Image of people discussing the data and analytics on a laptop screen.

The NHS Counter Fraud Authority (NHSCFA) is an intelligence-led organisation... intelligence that is born of information. Any information that the NHSCFA receives in the form of data is analysed by the Information Analytics (IA) team. This article is a brief summary of the work we do to access and use NHS data.

Our process has been recognised as an example of best practice and has been adapted to contribute to counter fraud analytics guidance produced for the wider public sector by the Cabinet Office. Their guidance is now available and has been presented at major counter fraud events, including the Counter Fraud conferences of CallCredit (now Transunion) and Portsmouth University (you can request it directly from the Cabinet Office by emailing fraud.data@cabinetoffice.gov.uk ).

Data sources

Only a small part of the data we analyse is owned directly by the NHSCFA. This is data from our own data collection sources such as the Fraud and Corruption Reporting Line, our online fraud reporting tool and FIRST. FIRST is a case management system used by Local Counter Fraud Specialists (LCFSs) and NHSCFA investigators.

The vast majority of the data we use for analytical exercises must be sought and gathered from external sources. In the past, this has included dental treatment data (to identify split treatment claims), NHS trust invoice data (to identify duplicate invoices) and patient list summary data – so the context can vary greatly!

Some data is open source or published, and as such, is readily available from other organisations (such as NHS England and NHS Digital). Other data requires information sharing agreements and formalized data shares. No matter where we source our data from, whether it’s in the NHS or outside of it, we need to make sure we seek and obtain it appropriately. We therefore have a strict process to identify, access, and use data effectively while meeting our responsibilities in terms of how the data is gathered and used.

Aims and objectives of data gathering

In the initial stages of planning a project, we set aims and objectives based on the NHSCFA’s strategic intelligence assessment (SIA). We define our broader aims based on the fraud risks identified in the SIA, and set more detailed business plan objectives to tackle those risks.

Objectives within wide thematic areas (e.g. procurement fraud) will need to be broken down to identify the various possibilities for fraudulent behavior that may exist within the area (e.g. duplicate invoicing, invoice splitting, supplier fraud). This enables us to determine the most effective and productive type of exercise to identify fraud.

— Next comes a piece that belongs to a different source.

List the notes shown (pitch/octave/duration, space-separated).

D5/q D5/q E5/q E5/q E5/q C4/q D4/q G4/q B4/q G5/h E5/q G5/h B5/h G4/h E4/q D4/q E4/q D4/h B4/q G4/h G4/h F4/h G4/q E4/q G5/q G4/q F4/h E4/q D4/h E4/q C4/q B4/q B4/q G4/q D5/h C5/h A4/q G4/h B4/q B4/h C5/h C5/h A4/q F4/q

We always need to be cautious when using the term 'fraud' in relation to any findings from data analysis. First of all, administrative errors and other non-malicious activity can appear identical to fraud in data outputs. Secondly, the burden of proof required to establish an offence of 'fraud' can only be met in a court of law. For these reasons, we often use the term 'outliers' to refer to findings which may be indicative of fraudulent behavior and may merit further investigation.

Research and planning

Once aims and objectives have been agreed, research is carried out on the subject and the data that is available in relation to it. Some of the questions we tend to ask are:

  • Do we know what data is needed to meet the desired objectives?
  • Who owns or produces this data?
  • Is the data open source and/or published and within the public domain?
  • Does the data contain personal data about NHS staff, patients or contractors?

We also need to plan carefully to make sure we comply with legislation and meet all relevant requirements in areas such as data protection. Here are some of the issues we have to consider:

  • If the data is open source, published or otherwise contains no personal data then access is much simpler and can usually be gained without much difficulty. However, this is rarely the case and more often we have to seek it from the data owner directly.
  • If there is personal data included, we need to carefully consider if the data is necessary for our exercise or if it can be removed or refined to reduce the amount gathered. If this is not possible, and the data is necessary, thought must be given to each of the principles of the Data Protection Act 2018.
  • It is also crucial that a secure method is used to receive and share data, and after receiving the data we need to transfer it to a usable format. As part of the analysis process we may match data to other datasets, e.g. Ordnance Survey data, post office address file, local authority address data and death data.
  • We also need to check the accuracy of the data. This is achieved through a process of peer review.

The final product

Once we have analysed the data, we have to set out our conclusions in a way which enables recipients to understand what they mean as well as the context. This will include information about the scope of our analysis, any caveats that apply to the findings and indications on how to interpret the data or apply the conclusions appropriately.

Recipients may be colleagues within the NHSCFA or external stakeholders –we work with these recipients to assess whether the results of analysis support further work, in terms of additional analysis or an extension of the scope.

In conclusion, data analysis is a very important part of what we do here at the NHSCFA; data and information allows us to put together a more complete picture of what fraud looks like in the NHS, helping us to fight it and prevent it.